An emerging alternative is use of an imaging contract research organization (ICRO) that employs a combination of imaging, image analysis, biomedical and software engineering expertise along with customizable software for image analysis, data capture and management. Custom-tailored image analysis algorithms can be used in lieu of time and cost-intensive manual processes, reducing guesswork, cost and time associated with preclinical and clinical studies. Particularly adept ICROs can leverage their expertise to translate the quantitative image measurement into valuable 2D and 3D marketing collateral to help study sponsors bridge the gap between product regulatory approval and market adoption. While the following is not an exhaustive list of ICRO critical features, it does provide a strong foundation for evaluating an ICRO to support your next preclinical or clinical study.

Operational Abilities

Some ICROs specialize in a specific therapeutic area, or in support of preclinical vs. clinical studies. On-site vs. off-site access to professional staff (e.g., radiologists and pathologists) to read and provide or validate image analysis outputs is an important consideration, as an on-site staff means the sponsor can expect better access to expertise, better turnaround time and fewer potential logistical concerns. Further, an on-site professional staff gives the ICRO greater control over the quality of the manually scored image data (1). On the other hand, on-site clinical staff can often translate into higher costs and reduced access to a broader range of clinical sub-specialty expertise.

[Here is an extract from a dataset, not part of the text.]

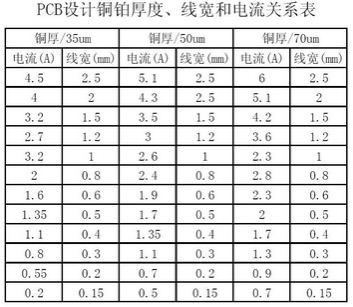 工程師：PCB<a href=http://www.yfdna.cn/pcb/ target=_blank class=infotextkey>設計</a>之電流與線寬的關系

One often overlooked aspect of an ICRO’s operational prowess is its ability (and willingness) to provide image acquisition and data management support and expertise to researchers, clinicians and technicians at remote study sites to optimize and standardize imaging equipment and protocols across multiple sites. Since clinical 3D imaging modalities have such low resolutions (relative to modalities like Micro-CT), an ICRO’s ability to help technicians fine-tune and optimize a CT or MRI scanner can mean the difference between “okay” and exceptional data. Given the inter-vendor and inter-model variability and complexity for a given imaging modality, it’s easy to see how resulting study data variability can become quite large if not dealt with prior to study initiation. Finally, as a result of the inherent differences in preclinical and clinical imaging modalities (e.g., resolution, image acquisition time, field-of-view, radiation dose, etc.), an ICRO with expertise in both can add a great deal of value by helping a sponsor successfully translate preclinical product efficacy outcomes into clinically relevant clinical trial efficacy end point measurements.